Menurut Syekh Muhammad Amin Al-Kurdi didalam kitab Tanwir Al-Qulub halaman 527, menjelaskan tentang Syarat menjadi Mursyid Thoriqoh An-Naqsyabandiyah, syarat yang ke 19 adalah seorang Mursyid hendaknya untuk menjaga diri tidak mondar mandir mendatangi para pemimpin dan pejabat.

Batasan-batasan seorang mursyid yang diizinkan terlibat dalam kontestasi politik:

  1. Mengikuti kostestasi politik karena ada hajat, darurat atau mashlahat yang lebih besar.

  2. Mengikuti kontestasi politik dengan tujuan yang baik seperti memperbaiki pemerintahan, menasehati, dan lain-lain.

  3. Bukan mencari kepentingan duniawi seperti mencari dinar, dirham, dan lain-lain.

( التَّاسِعَ عَشَرَ ) أَنْ يُحْتَرَزَ عَنِ التَّرَدُّدِ إِلَى الْأُمَرَاءِ وَالْحُكَامِ لِئَلَّا يَقْتَدِيَ بِهِ فِي ذَلِكَ بَعْضُ مُرِيْدِيْهِ فَيَكُوْنُ عَلَيْهِ إِثْمُهُ وَإِثْمُهُمْ مِنْ بَابِ )مَنْ سَنَّ سُنَّةً سَيِّئَةً فَعَلَيْهِ وِزْرُهَا وَوِزْرُ مَنْ عَمِلَ بِهَا) الْحَدِيْثَ رَوَاهُ مُسْلِمٌ وَالتِّرْمِذِى وَذٰلِكَ لِأَنَّ غَالِبَ مَنْ يَتَقَرَّبُ إِلَيْهِمْ يَتَعَسَّرُ عَلَيْهِ الْإِنْكَارُ عَلَيْهِمْ فِيْمَا يَرَاهُمْ يَفْعَلُوْنَهُ مِنَ الْمُحَرَّمَاتِ وَكَأَنَّهُ تَعَاطَى بِتَرَدُّدِهِ عَلَيْهِمْ تَقْرِيْرُهُمْ عَلَى الْمُنْكَرِ. (تنوير القلوب: ص  ٥۲۷)

“Seorang Mursyid disyaratkan  Menjaga diri untuk tidak mondar-mandir mendatangi para pemimpin dan pejabat, agar para muridnya tidak menirunya, sehingga sang mursyid menanggung dosa dirinya dan dosa murid-muridnya, karena ini termasuk dalam hadits:

مَنْ سَنَّ سُنَّةً سَيِّئَةً فَعَلَيْهِ وِزْرُهَا وَوِزْرُ مَنْ عَمِلَ بِهَا. رَوَاهُ مُسْلِمٌ وَالتِّرْمِذِى

"Barangsiapa melakukan tradisi yang buruk, maka dia menanggung dosanya dan dosa orang-orang yang melakukannya".(HR Muslim dan At-Tirmidzi)

Pada umumnya, orang yang dekat dengan para pemimpin dan pejabat, sulit baginya untuk mengingkari perbuatan munkar yang dilakukan oleh para pemimpin dan pejabat yang dilihatnya.

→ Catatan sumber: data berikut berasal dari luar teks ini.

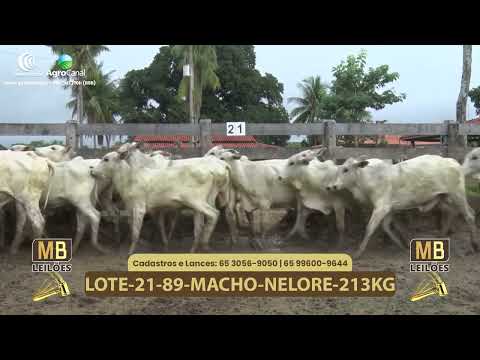 542� LEIL�O VIRTUAL MB LEIL�ES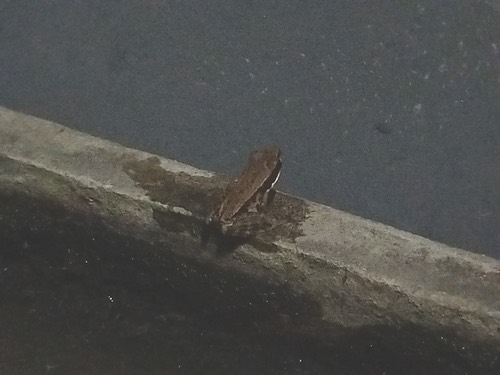 กบอ่องเล็ก · Black-striped Frog · Hylarana nigrovittata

Jika sudah demikian, dengan sering berkecimpungnya mursyid dengan mereka, seakan-akan dia menyetujui terhadap kemungkaran (yang mereka lakukan).

(Tanwir Al-Qulub: 527)

Seorang mursyid adalah ulama’ karena syarat mursyid yang pertama harus ‘alim dalam kitab At-Ta'liqat Lil Qadhi Husain ‘Ala Mukhtashar Al-Muzani menjelaskan bahwa Para ulama adalah amanah para rasul selama mereka tidak boleh bercampur dengan penguasa. Jika mereka bercampur maka hindarilah mereka.

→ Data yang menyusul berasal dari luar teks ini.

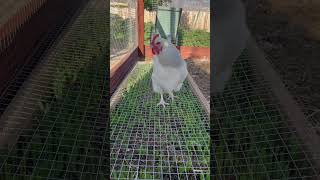 Finally Getting some Pasture Mix Greens shorts growyourown chickenfeed chickens chickenfood [upl. by Husch]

وَرُوِيَ عَنِ النَّبِيِّ ﷺ أَنَّهُ قَالَ: الْعُلَمَاءُ أُمَنَاءُ الرُّسُلِ مَا لَمْ يُخَالِطُوْا السَّلَاطِيْنَ، فَإِذَا خَالَطُوْهُمْ فَاجْتَنِبُوْهُمْ، وَمَنْ تَعَلَّمَ الْعِلْمَ لِيُبَاهِيَ بِهِ الْعُلَمَاءَ، أَوْ لِيُمَارِيَ بِهِ السُّفَهَاءَ، أَوْ يَأْتِيَ بَابَ الْمُلُوْكِ وَيسْتَجْلِبَ دَنَانِيْرَهُمْ، وَدَرَاهِمَهُمْ لَقِيَ اللهُ تَعَالَى وَهُوَ عَلَيْهِ غَضْبَانُ، وَيَأْتِي ذَلِكَ الْعِلْمَ وَشِقُّهُ مَائِلٌ وَلُعَابُهُ سَائِلٌ، يَقْذَرُهُ الْخَلَائِقُ. (التعليقة للقاضي حسين على مختصر المزني: ج ١، ص ٨١-٨٠)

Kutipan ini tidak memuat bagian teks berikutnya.